The last two oils were large paintings made back in my studio. I also do small work, lots of it. Here's a wall of five oils on panel in the show. I'll write about each of them in my next blog post in a couple of days. (If you click on the photo you can see a larger image). The second from the left pieces, the only interior painting, is from Edward Hopper's boyhood home in Nyack, NY. I spent time there this spring and summer painting the famous artist's bedroom. It's now the Edward Hopper House Art Center. Below you can see this row of five little paintings on the wall at the far left to give you a sense of the scale difference with the first two paintings I talked about.

And here is the gallery desk with Tamar Holton-Hinshaw, the Gallery manager, and Rob Motto sharing a lighter moment. Gallery people work very hard to keep the doors open and stage exhibits like mine.

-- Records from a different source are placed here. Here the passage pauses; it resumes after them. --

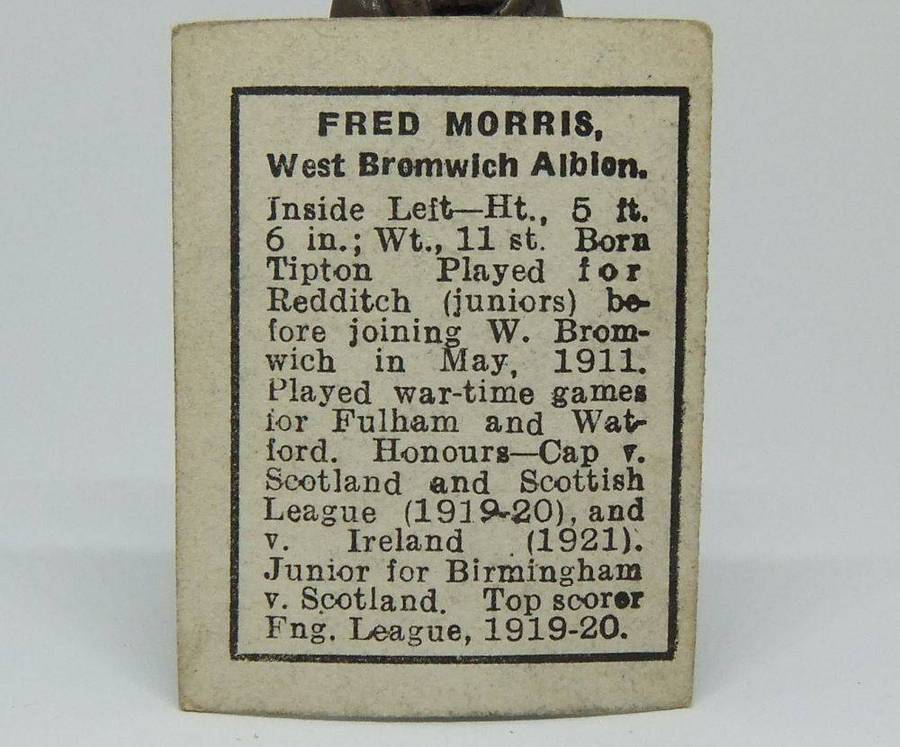 UNDER R100 - 1920`s Sports card - Football - Fred Morris - West Bromwich Albion F.C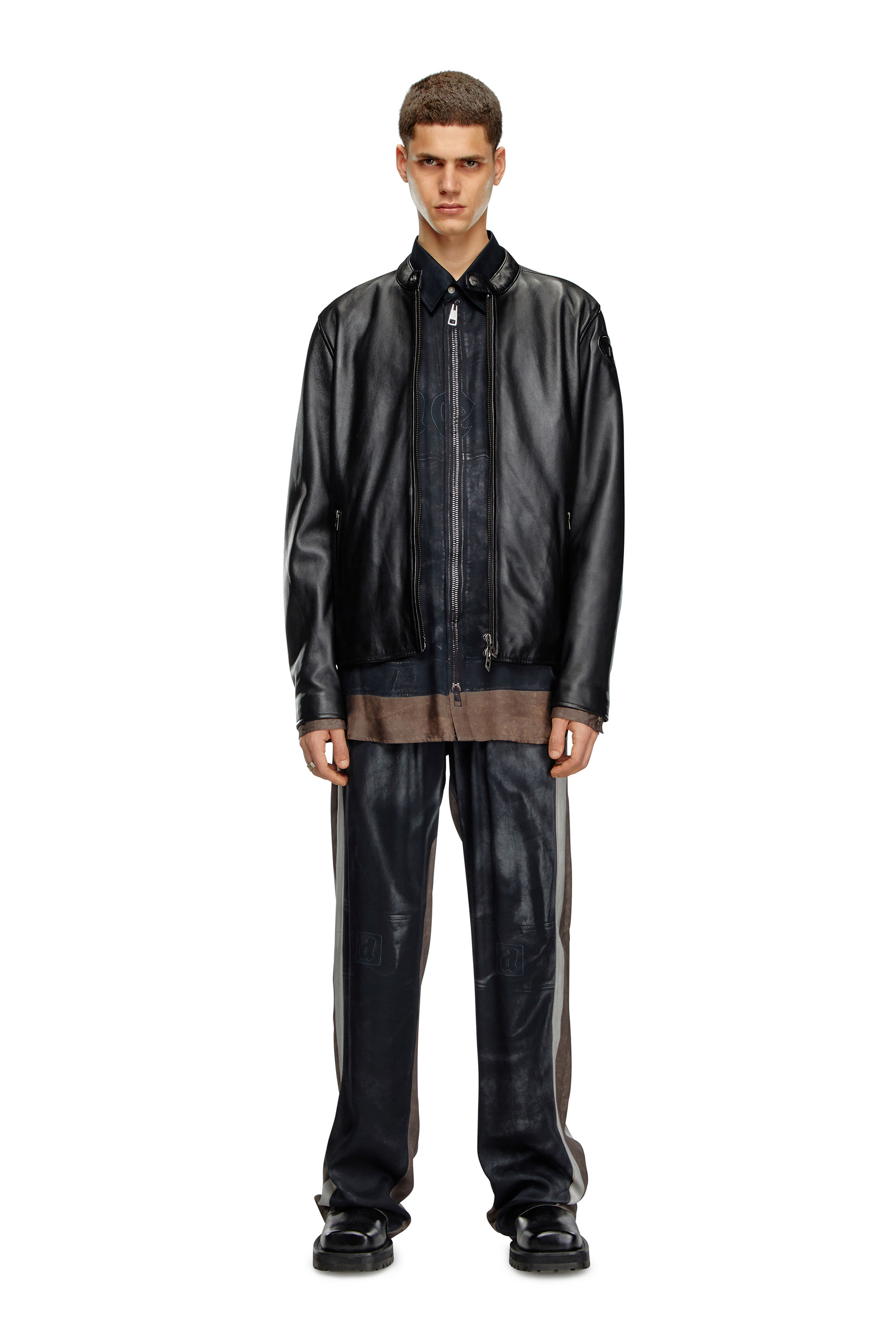 Men's Leather jacket with embossed Oval D | Black | Diesel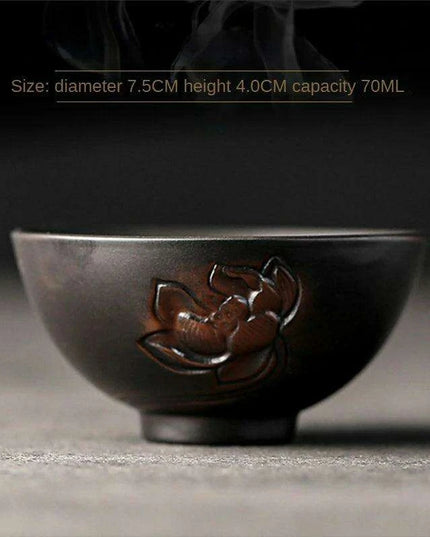 Lotus Blossom Pottery Teacup Set - Crafted for Kung Fu Tea Enthusiasts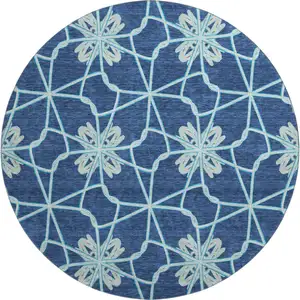 Photo of 8' Navy Blue Ivory And Gray Geometric Washable Round Rug With UV Protection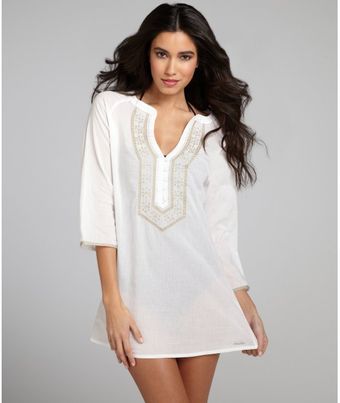 Ondademar White and Taupe Cotton Embroidered Button Down Coverup - Lyst
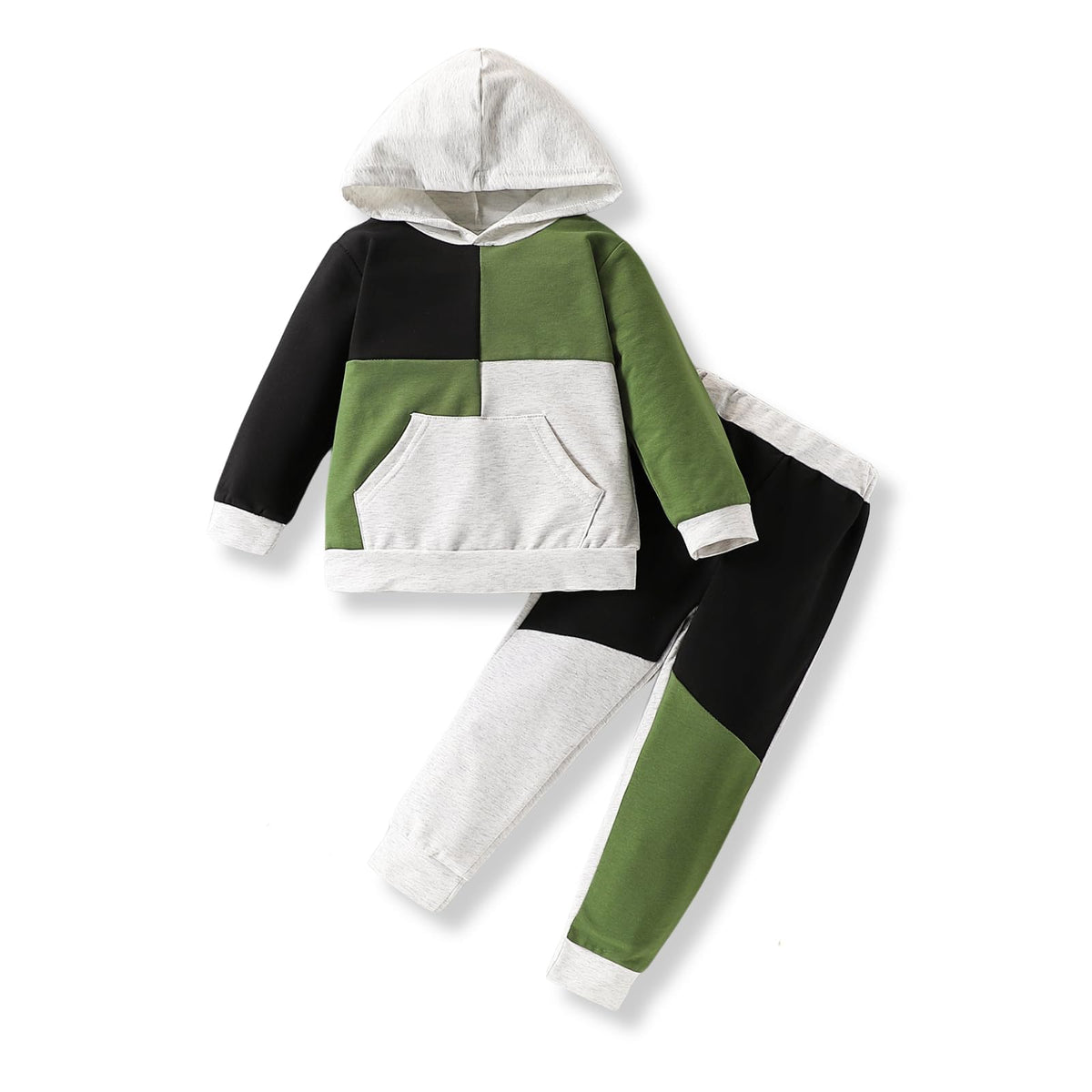 2-6T Toddler Baby Boy Clothes Color Blocking Hoodies + Pants Fall Winter Outfits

For this we artists should be grateful.

Friday, December 7, 2012

A Tender Cradle

One thing that's little understood by the public is how artists grow their paintings. I often tell my students that when a good idea first comes to you it tip toes into your consciousness. Even for your
best ideas it's more likely to whisper to you than shout.

The trick is to give the idea water, nurturing, and patience until it's grown enough to stand on its own and let you work with it. The whole idea of drawing as a fine art in the Western tradition came from the artists of old gently rocking their ideas in the cradle. They made working drawings. The great masters made drawings, usually lots of them, to figure out where they wanted to go before they did a painting. Drawing, a medium where one can more quickly erase and adjust than with oil pigments, was a perfect bridge between the great masters' imaginations and their finished paintings. 

Above is my painting Equinox, oil on panel, 30 x 45". It came about from the fusion of several images I had been kicking about in my mind. One was thinking back to my boyhood amazement at the flocks of migrating birds I'd watched coming back from Canada each fall. The would stop along the shore of Lake Ontario by my home near Rochester, New York. Another was a fleeting glimpse I saw of the monumental San Francisco Peaks in a snow storm in Flagstaff, Arizona. Somehow I knew I wanted to pull these two disparate images together to make a painting. Sort of like cautiously feeling your way forward in a dark room when you're looking for the light switch, I at first tried out some compositions in vine charcoal.

Some pastel color studies followed...and as the color is added you can also see the shapes being maneuvered into better positions and firmer contours.

Ramsay Barnes, an MFA former grad student at MICA who a while back had helped me teach one of my classes, is now on the Faculty at Friends School of Baltimore. He invited me to have an exhibition there next month. One of the themes he is particularly eager to demonstrate with the show is the process an artist uses to make his/her work. Thinking about this, we are planning on showing some of the preparatory drawings alongside some of their related  finished paintings.  I like that idea very much. Equinox is a likely candidate for that show.

Below is Eye of the Sea, oil on panel, 14 x 28" which is headed up to New York this week for the show at George Billis Gallery, Earth's Shadow: Landscapes by Philip Koch (Dec. 11 - Jan. 19).

The piece has a roundabout history. It was begun in the Texas Hill Country outside of Austin. I loved the unusual reddish tint to the dry soil out there. But I felt I needed a different background than the locale provided. After trying out several alternatives in oil, I decided to invite the Atlantic Ocean to flood the far valley. To flesh out this imaginary marriage I made the vine charcoal drawing below to help guide my insertion of a new background into the world of the foreground.

You can see I didn't follow the drawing exactly in the final version. Rather it was a guide to get me heading in the right direction.